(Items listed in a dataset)
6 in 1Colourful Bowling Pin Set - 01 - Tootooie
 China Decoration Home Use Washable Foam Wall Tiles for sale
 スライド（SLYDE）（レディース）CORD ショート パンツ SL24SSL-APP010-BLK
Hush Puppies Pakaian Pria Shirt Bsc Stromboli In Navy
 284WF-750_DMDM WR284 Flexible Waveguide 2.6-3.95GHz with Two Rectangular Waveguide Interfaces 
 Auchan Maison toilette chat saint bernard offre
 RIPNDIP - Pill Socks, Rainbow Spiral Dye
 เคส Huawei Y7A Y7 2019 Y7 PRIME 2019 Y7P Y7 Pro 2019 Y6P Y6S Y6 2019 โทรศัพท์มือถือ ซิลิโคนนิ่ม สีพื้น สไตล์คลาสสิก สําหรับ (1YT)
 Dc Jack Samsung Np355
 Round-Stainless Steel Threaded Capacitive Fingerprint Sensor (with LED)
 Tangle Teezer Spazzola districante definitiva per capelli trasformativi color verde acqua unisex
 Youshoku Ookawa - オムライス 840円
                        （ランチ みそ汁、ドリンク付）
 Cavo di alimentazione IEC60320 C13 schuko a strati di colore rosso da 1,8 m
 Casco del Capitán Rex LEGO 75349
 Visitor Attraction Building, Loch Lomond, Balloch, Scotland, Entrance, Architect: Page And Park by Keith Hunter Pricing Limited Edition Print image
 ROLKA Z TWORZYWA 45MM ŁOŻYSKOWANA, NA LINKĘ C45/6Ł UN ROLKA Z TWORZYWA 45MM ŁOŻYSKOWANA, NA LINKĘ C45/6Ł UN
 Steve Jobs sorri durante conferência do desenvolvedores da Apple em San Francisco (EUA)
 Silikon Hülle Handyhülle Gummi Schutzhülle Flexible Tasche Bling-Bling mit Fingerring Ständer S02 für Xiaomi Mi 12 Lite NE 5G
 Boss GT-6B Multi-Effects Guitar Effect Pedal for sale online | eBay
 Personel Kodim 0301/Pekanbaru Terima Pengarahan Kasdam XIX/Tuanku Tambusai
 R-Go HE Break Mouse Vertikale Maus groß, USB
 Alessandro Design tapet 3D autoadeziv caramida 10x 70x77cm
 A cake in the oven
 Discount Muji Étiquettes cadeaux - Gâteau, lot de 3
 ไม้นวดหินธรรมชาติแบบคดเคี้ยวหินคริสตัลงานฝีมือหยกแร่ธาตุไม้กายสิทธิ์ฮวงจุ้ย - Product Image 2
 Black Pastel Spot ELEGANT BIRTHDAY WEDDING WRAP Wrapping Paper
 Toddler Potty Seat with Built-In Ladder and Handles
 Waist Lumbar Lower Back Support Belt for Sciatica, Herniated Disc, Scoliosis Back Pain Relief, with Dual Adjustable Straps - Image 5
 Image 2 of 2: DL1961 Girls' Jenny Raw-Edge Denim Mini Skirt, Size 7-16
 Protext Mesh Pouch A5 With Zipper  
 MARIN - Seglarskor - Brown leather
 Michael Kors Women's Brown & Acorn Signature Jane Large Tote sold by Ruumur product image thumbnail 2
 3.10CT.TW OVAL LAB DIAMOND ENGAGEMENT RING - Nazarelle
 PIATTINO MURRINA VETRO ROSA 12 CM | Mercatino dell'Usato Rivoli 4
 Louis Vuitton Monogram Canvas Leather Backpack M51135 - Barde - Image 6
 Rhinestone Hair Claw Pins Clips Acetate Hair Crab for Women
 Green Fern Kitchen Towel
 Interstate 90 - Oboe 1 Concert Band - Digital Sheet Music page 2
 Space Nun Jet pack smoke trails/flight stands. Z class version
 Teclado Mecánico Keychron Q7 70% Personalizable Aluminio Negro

■ INSTRUCTIONS TO FOLLOW ■
Restate word for word only the lines above from the line containing "Round-Stainless Steel Threaded" to the line containing "Protext Mesh Pouch A5 With Zipper", both of them included.

■ ANSWER TO THIS EXERCISE ■
 Round-Stainless Steel Threaded Capacitive Fingerprint Sensor (with LED)
 Tangle Teezer Spazzola districante definitiva per capelli trasformativi color verde acqua unisex
 Youshoku Ookawa - オムライス 840円
                        （ランチ みそ汁、ドリンク付）
 Cavo di alimentazione IEC60320 C13 schuko a strati di colore rosso da 1,8 m
 Casco del Capitán Rex LEGO 75349
 Visitor Attraction Building, Loch Lomond, Balloch, Scotland, Entrance, Architect: Page And Park by Keith Hunter Pricing Limited Edition Print image
 ROLKA Z TWORZYWA 45MM ŁOŻYSKOWANA, NA LINKĘ C45/6Ł UN ROLKA Z TWORZYWA 45MM ŁOŻYSKOWANA, NA LINKĘ C45/6Ł UN
 Steve Jobs sorri durante conferência do desenvolvedores da Apple em San Francisco (EUA)
 Silikon Hülle Handyhülle Gummi Schutzhülle Flexible Tasche Bling-Bling mit Fingerring Ständer S02 für Xiaomi Mi 12 Lite NE 5G
 Boss GT-6B Multi-Effects Guitar Effect Pedal for sale online | eBay
 Personel Kodim 0301/Pekanbaru Terima Pengarahan Kasdam XIX/Tuanku Tambusai
 R-Go HE Break Mouse Vertikale Maus groß, USB
 Alessandro Design tapet 3D autoadeziv caramida 10x 70x77cm
 A cake in the oven
 Discount Muji Étiquettes cadeaux - Gâteau, lot de 3
 ไม้นวดหินธรรมชาติแบบคดเคี้ยวหินคริสตัลงานฝีมือหยกแร่ธาตุไม้กายสิทธิ์ฮวงจุ้ย - Product Image 2
 Black Pastel Spot ELEGANT BIRTHDAY WEDDING WRAP Wrapping Paper
 Toddler Potty Seat with Built-In Ladder and Handles
 Waist Lumbar Lower Back Support Belt for Sciatica, Herniated Disc, Scoliosis Back Pain Relief, with Dual Adjustable Straps - Image 5
 Image 2 of 2: DL1961 Girls' Jenny Raw-Edge Denim Mini Skirt, Size 7-16
 Protext Mesh Pouch A5 With Zipper  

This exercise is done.